ENTRIES PROVIDED:
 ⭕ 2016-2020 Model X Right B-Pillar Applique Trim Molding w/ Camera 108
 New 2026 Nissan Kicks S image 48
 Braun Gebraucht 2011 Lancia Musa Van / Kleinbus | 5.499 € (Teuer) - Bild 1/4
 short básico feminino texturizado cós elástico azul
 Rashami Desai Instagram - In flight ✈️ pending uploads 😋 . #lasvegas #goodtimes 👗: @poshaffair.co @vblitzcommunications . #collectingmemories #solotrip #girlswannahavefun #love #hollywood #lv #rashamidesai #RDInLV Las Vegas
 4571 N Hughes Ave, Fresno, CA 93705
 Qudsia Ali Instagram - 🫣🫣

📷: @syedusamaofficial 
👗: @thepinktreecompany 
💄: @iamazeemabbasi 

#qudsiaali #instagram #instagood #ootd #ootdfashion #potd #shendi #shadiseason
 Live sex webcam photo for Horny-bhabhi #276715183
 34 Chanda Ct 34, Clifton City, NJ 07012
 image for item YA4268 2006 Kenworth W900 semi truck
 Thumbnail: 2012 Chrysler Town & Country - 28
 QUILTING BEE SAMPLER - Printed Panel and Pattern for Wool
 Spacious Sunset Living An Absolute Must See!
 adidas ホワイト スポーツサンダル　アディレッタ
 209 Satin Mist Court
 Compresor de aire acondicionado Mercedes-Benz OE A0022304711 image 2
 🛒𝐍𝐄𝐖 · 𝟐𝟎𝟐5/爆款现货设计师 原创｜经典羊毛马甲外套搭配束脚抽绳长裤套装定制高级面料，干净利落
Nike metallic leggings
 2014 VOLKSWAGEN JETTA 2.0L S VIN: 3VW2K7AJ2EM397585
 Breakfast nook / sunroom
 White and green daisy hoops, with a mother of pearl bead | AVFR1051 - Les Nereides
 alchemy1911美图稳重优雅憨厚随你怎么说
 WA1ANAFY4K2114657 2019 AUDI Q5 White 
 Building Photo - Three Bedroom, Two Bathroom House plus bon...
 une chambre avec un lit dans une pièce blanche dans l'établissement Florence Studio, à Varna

THE PROBLEM: Exactly and only the lines from the line containing "adidas ホワイト スポーツサンダル　アディレッタ" through the final line of the records above must be returned.

YOUR SOLUTION:
 adidas ホワイト スポーツサンダル　アディレッタ
 209 Satin Mist Court
 Compresor de aire acondicionado Mercedes-Benz OE A0022304711 image 2
 🛒𝐍𝐄𝐖 · 𝟐𝟎𝟐5/爆款现货设计师 原创｜经典羊毛马甲外套搭配束脚抽绳长裤套装定制高级面料，干净利落
Nike metallic leggings
 2014 VOLKSWAGEN JETTA 2.0L S VIN: 3VW2K7AJ2EM397585
 Breakfast nook / sunroom
 White and green daisy hoops, with a mother of pearl bead | AVFR1051 - Les Nereides
 alchemy1911美图稳重优雅憨厚随你怎么说
 WA1ANAFY4K2114657 2019 AUDI Q5 White 
 Building Photo - Three Bedroom, Two Bathroom House plus bon...
 une chambre avec un lit dans une pièce blanche dans l'établissement Florence Studio, à Varna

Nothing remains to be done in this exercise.